Lista QR Code

The schools of Montesca and Rovigliano and the meeting with Maria Montessori

Collezione tessile di “Tela Umbra”

The rural schools of the Franchetti’s symbolised an absolute innovation as much for their social impact as for their profound vibrant teaching. They were open to the children of the tenant farmers, so that they could have access to education and therefore liberate themselves from the agricultural sharecropping system which was still semi-feudal, thus improving their social position.

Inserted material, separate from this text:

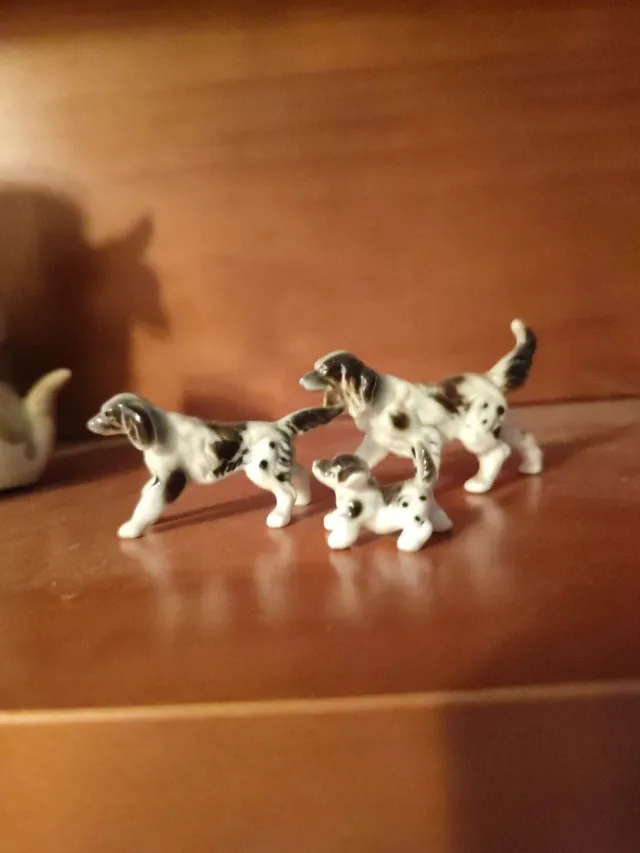 Figure di cani in porcellana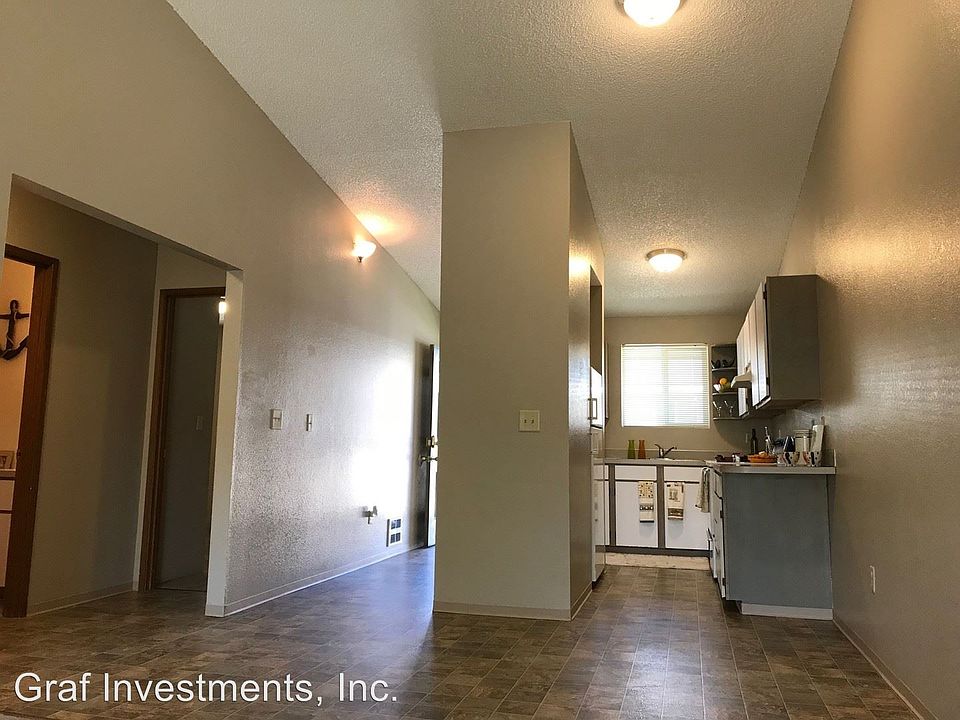 1st image of 310 Pleasant Ave APT 20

Villa Montesca was the residence and the centre of activity for the Franchetti’s: it was here that a lively intellectual circle gathered of a high level and in 1901 the free elementary school for the children of the farmers was born, driven by the movement of educational reform called the “Modern Schools”, popular all over Europe at the end of the 19th century. The Montesca School, together with that of Rovigliano created in 1902, represent a heritage unique to the world of ideas, practices and activism that has strongly characterised the local development of the Alta Valle del Tevere area.

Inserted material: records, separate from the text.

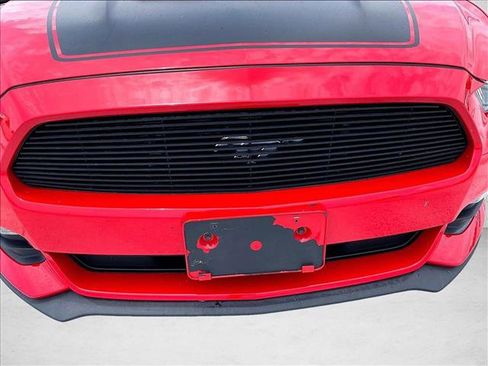 Used 2017 Ford Mustang Coupe RWD image 30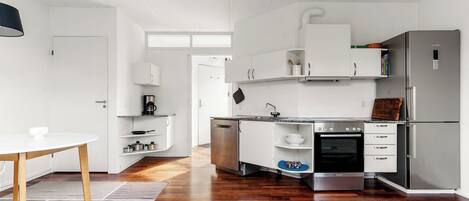 Frigorifero, forno, piano cottura, lavastoviglie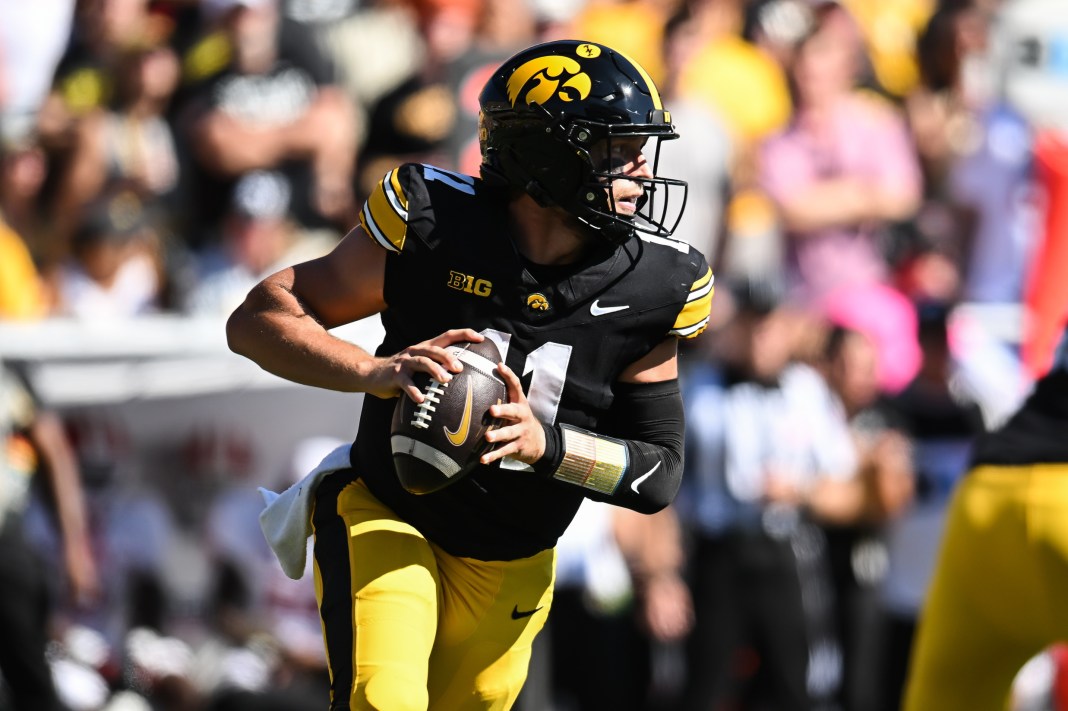 Mark Gronowski, Iowa, college football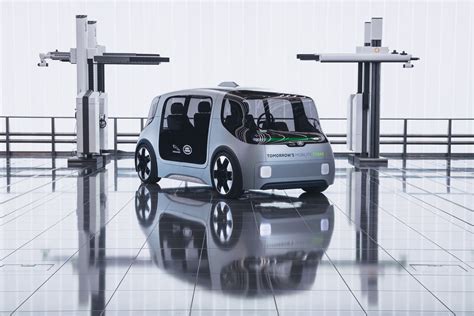 Jaguar Land Rover Unveils ‘autonomy Ready Electric Shuttle Concept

In 1909 Alice and Leopoldo visited the Children’s Home in Rome where they met the young Maria Montessori, who was experimenting with a new approach to problems with learning. The interest of the Barons in the work of Maria Montessori was so great that they invited her to Montesca and they asked her to write about her method, offering to publish it. The was how the first edition of Il metodo della pedagogia scientifica applicato all’educazione infantile nelle Case dei Bambini was born, edited in 1909 in Città di Castello by the Typography Publishing House “Scipione Lapi” at the request of and financed by Leopoldo and Alice Franchetti. Shortly after its publication, from the 1st to the 31st August 1909, Maria Montessori held the first Course of scientific pedagogy at Montesca, bringing teachers from all over Italy to participate as well as the teachers of the schools of Montesca and Rovigliano.

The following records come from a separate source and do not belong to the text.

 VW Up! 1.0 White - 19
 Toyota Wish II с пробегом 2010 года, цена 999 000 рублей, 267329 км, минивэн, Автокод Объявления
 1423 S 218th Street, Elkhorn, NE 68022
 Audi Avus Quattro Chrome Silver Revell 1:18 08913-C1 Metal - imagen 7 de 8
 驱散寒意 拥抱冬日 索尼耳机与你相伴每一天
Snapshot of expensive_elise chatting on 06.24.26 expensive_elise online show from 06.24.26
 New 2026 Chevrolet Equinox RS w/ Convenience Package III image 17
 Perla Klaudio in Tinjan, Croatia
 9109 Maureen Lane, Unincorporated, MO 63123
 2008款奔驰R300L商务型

The Montesca and Rovigliano schools were extremely modern. Approaches were experimented that favoured the close relationship between the school and the external world, characterised by the system of the observation of nature and natural events; the introduction of conservation as a method of reciprocal growth; the concept of learning environments and of community that educates.

Thanks to the ties that Baroness Alice had with academics from all over the world, the learning and educative experience at the Montesca and Rovigliano rural schools even gained international status.